土井たか子が社会党委員長の時、自民党批判が強まり、ほんの一瞬、社会党は大躍進し、「ヤマが動いた」と大喜びしたが、その後続いた新党ブームの影響をもろに受け、大きく議席をなくしてしまった。
そもそも社会党は、北朝鮮を「地上の楽園」と宣伝するほど極めて近く、朝鮮総連と一緒に在日朝鮮人の帰郷運動を推進したりした。
また北朝鮮の日本人拉致も、一貫して「ありえない」と否定してきたが、金正日自らが拉致を認めて大恥を掻いたりもしてきた。
やってきた政策は、ハチャメチャなのだ。
しかし捨てる神あらば、拾う神あり。
すっかり少数政党に成り果てていた社会党だが、自民党が下野した後の連立政権では、そんな弱小政党でも数合わせの対象になる。
当時の小沢一郎は、師匠、田中角栄の教え通り「数こそ力」を実践し、社会党まで連立政権に巻き込んだ。
しかし、これにて自民党の復活はないとの思惑が外れ、今度は細川政権内で、何でも反対の社会党が邪魔になり、喧嘩別れをしてしまった。
社会党が離脱した連立政権は、一気に弱体化し、結局は自民党の復権を許してしまう。
この時の自民党の切り札が、村山富市を首相指名した自社さ政権で、何と社会党は仇敵自民党と組むことを選択した。
運命とは皮肉なもので、自民党のやることには何でも反対だったはずの社会党が、自民党の政権復帰を助けたのだ。
しかし、当時の自民党側の仕掛人、亀井静香は「稀代の名宰相」と持ち上げたものの、実際には村山富市に首相としての資質などゼロだ。
止めは、社会党が守り続けてきた綱領の破棄で「自衛隊は合憲」とまで宣言したために、それまで社会党を支持してきた連中からも見切りをつけられてしまった。
後は坂道を転がり落ち、今では1~2議席死守がやっとの政党になり下がった。
途中、社民党党首となった福島瑞穂は、村山富市が公式な記者会見で明言した自衛隊合憲の見解を否定した。

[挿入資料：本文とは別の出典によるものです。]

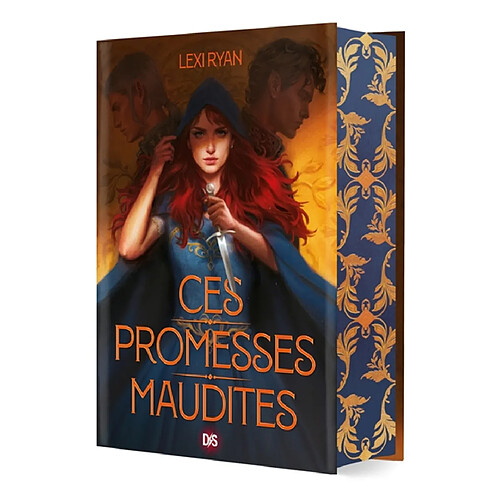 Ces promesses maudites. Vol. 1 · Occasion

まるでお隣さん、韓国を彷彿とさせるご都合主義は、更に批判と反発を招き、今や、新興のれいわ新選組やN国党並みか、それ以下の影響力しかない。
こんな政党が、立憲民主党に吸収されることになった。
又市征治党首は、「党名には拘らない」などと発言しているが、そんな状況ではない。
例え吸収されても、むしろその後の社民党出身者の扱いはぞんざいを極めるだろうし、比例で当選可能な順番など回ってくるはずもない。
しかし、自らの政治信条を簡単に放棄したり変更しながら、何としても政治家であり続けたいと悪あがきを続けた社会党、社民党への同情は皆無だ。
身から出た錆とは言え、社民党のみじめな凋落ぶりは、政党だけでなく、政治家の在り方をよく表している。